Untuk diketahui, Bank Dunia menaikkan garis kemiskinan ekstrem dari US$ 1,9 menjadi US$ 2,15 per kapita per hari. Sementara itu, batas kelas penghasilan menengah bawah dinaikkan dari US$ 3,2 menjadi US$ 3,65 per kapita per hari.
Sedangkan, untuk batas penghasilan kelas menengah ke atas dinaikkan dari US$ 5,5 menjadi US$ 6,58 per kapita per hari.
Indonesia, sebagai calon negara berpenghasilan menengah ke atas, menurut Bank Dunia perlu memperluas fokusnya di luar kemiskinan ekstrem, dengan beralih dari garis kemiskinan US$ 1,9 per kapita per hari ke garis yang lebih tinggi untuk negara berpenghasilan menengah.
"Fokusnya juga harus mencakup rumah tangga yang secara ekonomi tidak aman, yang rentan jatuh kembali ke dalam kesmikinan," tulis Bank Dunia dalam laporannya.
Oleh karena itu, kebijakan perlu diperluas dari hanya menargetkan penduduk yang sangat miskin, menjadi strategi pertumbuhan yang inklusif, agar rumah tangga miskin dapat mencapai keamanan ekonomi.
Adapun, Bank Dunia mencatat, tingkat kemiskinan di Indonesia jika dihitung dengan standar Paritas Daya Beli US$ 3,2 per kapita per hari, menurun dari 61% pada 2022 menjadi 16% pada 2022.
Bank Dunia menilai, pendekatan multi cabang (multi-pronged approach) dapat dilakukan untuk bisa mencapai ambisi tersebut.

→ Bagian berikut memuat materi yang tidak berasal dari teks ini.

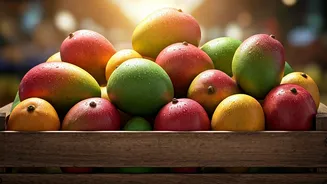 India’s Mango Obsession Is Going Beyond One Name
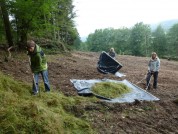 Mahdgut-&Uuml;bertragung auf Forstumwandlungsfl&auml;che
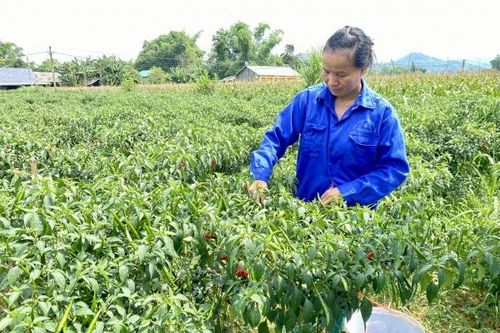 Trồng ớt hữu cơ - Hướng đi hiệu quả nâng cao thu nhập cho người dân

Caranya dengan menciptakan peluang yang lebih baik, melindungi rumah tangga dari kemiskinan, dan mendanai investasi yang berpihak pada rakyat miskin.

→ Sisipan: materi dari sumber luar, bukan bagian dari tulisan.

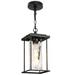 Jushoa 14.2" High Black Glass Outdoor Hanging Light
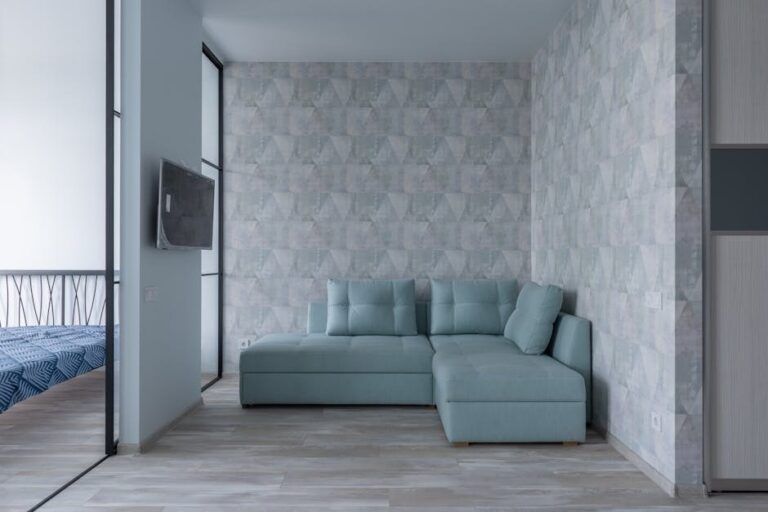 Transforming Spaces: The Elegance and Functionality of Modern Sofa Beds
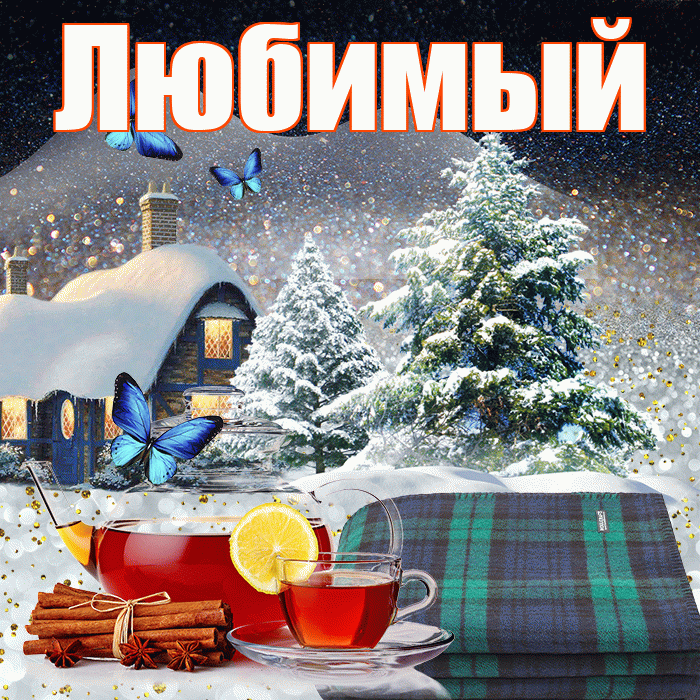 Любимый! Добрый зимний вечер! Красивая открытка Любимому!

Menciptakan peluang yang lebih baik, misalnya dengan meningkatkan kualitas sumber daya manusia. Para pekerja di Indonesia perlu ditambah dengan keterampilan yang tepat untuk mempersiapkan diri mendapatkan pekerjaan baru, bukan hanya keterampilan digital, melainkan keterampilan yang dibutuhkan untuk pekerjaan yang tepat.

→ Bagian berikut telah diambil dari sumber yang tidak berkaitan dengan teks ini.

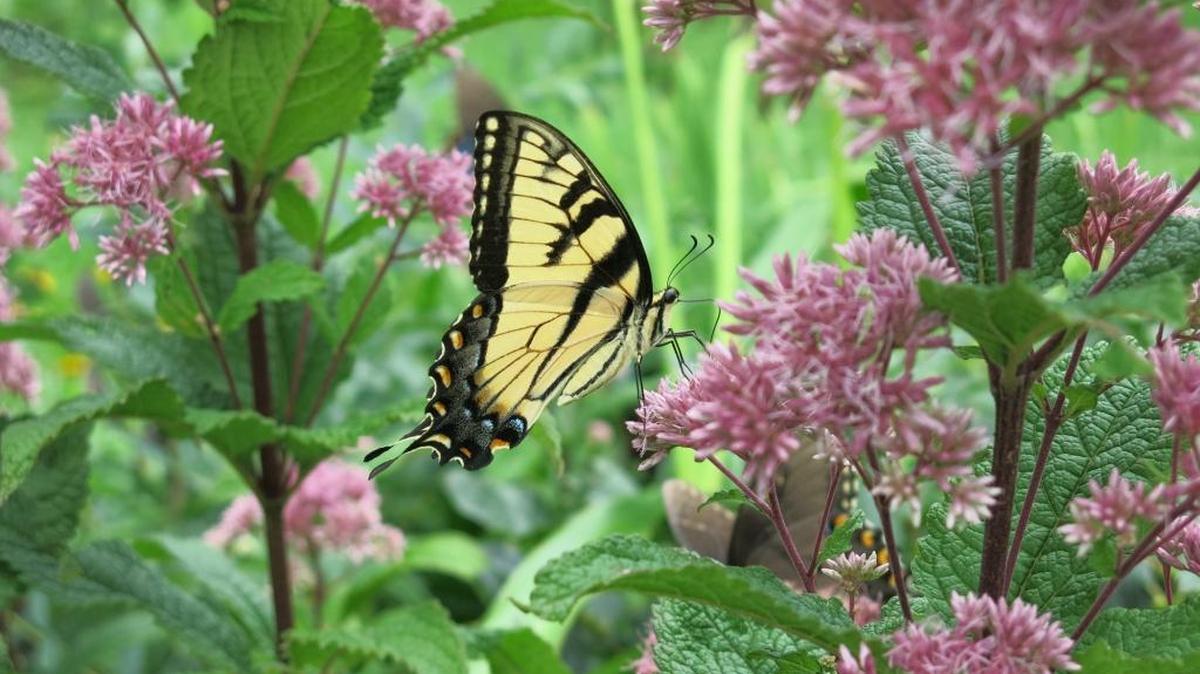 
A swallowtail butterfly visits joe-pye weed. Butterflies, bees, beetles, moths and other insects are critical pollinators, and flower gardens of all sizes will attract them.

"Kebijakan, misalnya dapat meningkatkan jenjang dan kualitas pendidikan menengah dan khususnya pendidikan tinggi, serta meningkatkan investasi pada pelatihan-pelatihan teknis dan kejujuran," jelas Bank Dunia.
Adapun untuk melindungi rumah tangga dari kemiskinan, pemerintah perlu untuk melakukan penargetan dan kecukupan bantuan yang diberikan. Selain itu, inklusi keuangan dapat diprioritaskan untuk memberikan akses yang lebih baik, misalnya lewat instrumen simpan pinjam.
Selain itu, saran Bank Dunia lewat membiayai investasi yang berpihak pada penduduk miskin, misalnya peninjauan kembali kebijakan subsidi energi dan pertanian, yang dapat meningkatkan pendapatan pemerintah dan bisa dengan pembebasan pajak pertambahan nilai (PPN).
Juga, peningkatan kapasitas pemerintah daerah khususnya di bidang pengelolaan belanja daerah, dapat membantu memperbaiki kualitas pelayanan publik, terutama di sektor pendidikan dan kesehatan.
"Hal ini khususnya penting dalam konteks daerah terpencil dan tertinggi, yang memiliki kapasitas terendah, sehingga menunjukkan capaian modal manusia yang sangat rendah," jelas Bank Dunia.